INSTRUCTOR: Find a potential function for capital F of x comma y comma z equal to angle bracket 12x squared comma cosine y times cosine of z comma 1 minus sine of y times sine of z close angle bracket. In finding a potential function, because we know that the gradient of our potential function, we're going to call it lowercase f. Because the gradient of lowercase F equals capital F, that includes partials, with respect to x, y, and z.

So we are going to find the antiderivative of each component, with respect to x, y, and Z, with something we'll look for at the end. So the antiderivative, with respect to x of 12x squared, is equal to 4x cubed. The antiderivative, with respect to y of cosine y cosine z is equal to sine y times cosine of z.

The antiderivative of 1 minus sine y sine z with respect to z is equal to z plus sine y cosine z. Now of course we need to add a constant here. But that's not our concern, because we're finding a potential function.

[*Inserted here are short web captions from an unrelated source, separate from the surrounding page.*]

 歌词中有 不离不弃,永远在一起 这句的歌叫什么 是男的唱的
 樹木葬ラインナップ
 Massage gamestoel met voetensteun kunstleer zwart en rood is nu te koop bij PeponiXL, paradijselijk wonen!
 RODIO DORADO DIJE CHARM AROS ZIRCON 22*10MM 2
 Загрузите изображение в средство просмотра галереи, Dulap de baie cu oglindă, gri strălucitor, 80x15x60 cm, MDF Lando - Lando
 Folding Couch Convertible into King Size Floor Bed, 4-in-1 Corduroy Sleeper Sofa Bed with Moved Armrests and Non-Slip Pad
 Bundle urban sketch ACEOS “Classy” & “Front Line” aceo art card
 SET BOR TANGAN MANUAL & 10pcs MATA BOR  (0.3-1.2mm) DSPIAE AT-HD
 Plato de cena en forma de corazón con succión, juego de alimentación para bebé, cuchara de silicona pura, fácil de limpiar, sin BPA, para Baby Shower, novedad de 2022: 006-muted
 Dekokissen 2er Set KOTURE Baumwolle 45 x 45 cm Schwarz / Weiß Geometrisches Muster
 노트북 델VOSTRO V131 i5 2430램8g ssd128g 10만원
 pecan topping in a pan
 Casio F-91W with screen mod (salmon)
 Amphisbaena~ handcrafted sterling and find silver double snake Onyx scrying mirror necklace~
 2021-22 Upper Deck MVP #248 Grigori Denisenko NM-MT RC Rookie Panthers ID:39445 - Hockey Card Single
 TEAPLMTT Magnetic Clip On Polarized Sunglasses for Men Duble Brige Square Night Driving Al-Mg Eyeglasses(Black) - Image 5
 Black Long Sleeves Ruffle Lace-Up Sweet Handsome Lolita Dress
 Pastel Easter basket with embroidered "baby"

So we're going to say our constant of integration is equal to 0 for all of these. Now, notice that two of these terms have a sine y cosine z. So we can actually omit 1 and still have this still be the same potential function.

Lowercase f of x comma y comma z is equal to angle bracket. Actually, we don't even need that. It's equal to 4x cubed plus sine y cosine z plus z So if you want to check this, you can take the partial, this function with respect to x, y, and z. And see that you get capital F of x comma y comma z that we had at the first.